Non que la présence scénique de Damien Saez et l’énergie déployée par ses compagnons n’aient pas été fidèles à leur jeu. Mais pour un groupe qui vient de sortir un triple album, suivi de près par un autre, 1h50 de concert pour présenter les morceaux de ces 4 disques dans un set où s’insèrent également des inédits et des titres d’anciens albums, c’est très court. Et c’est peu dire que le public serait en droit d’attendre des initiatives moins timides, pantouflardes et conformistes sur les plans artistiques et culturels, de la part d’une ville de l’envergure de Bordeaux, qui plus est, qui se targue d’un prestige national et international. Pour avoir assisté à des concerts de Saez dans plusieurs villes de l’hexagone depuis 8 ans, je comprends que le fait que le public soit d’une manière générale, au nord du pays, plus largement réceptif à sa musique n’est pas dû uniquement à une adéquation de l’état d’esprit de ses fans avec la mélancolie dépressive qui habite ses textes : peut-être qu’on sait mieux y vivre et y exprimer ses émotions, ou que les politiques urbaines y entravent moins les manifestations artistiques…

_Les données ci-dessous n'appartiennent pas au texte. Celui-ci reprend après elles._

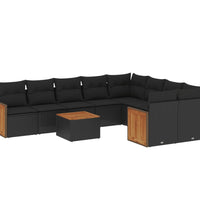 10-tlg. Garten-Sofagarnitur mit Kissen Schwarz Poly Rattan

La grande surprise sonore de ce concert, hormis quelques problèmes techniques qui pimentèrent le spectacle et gênèrent les musiciens, fut l’incorporation d’un accordéon à l’ensemble instrumental, dont le timbre embellissait terriblement les chansons, offrant toute une palette de nuances nostalgiques, des relents de chants de marins, et une dimension proche de la plénitude et rock saturé du groupe.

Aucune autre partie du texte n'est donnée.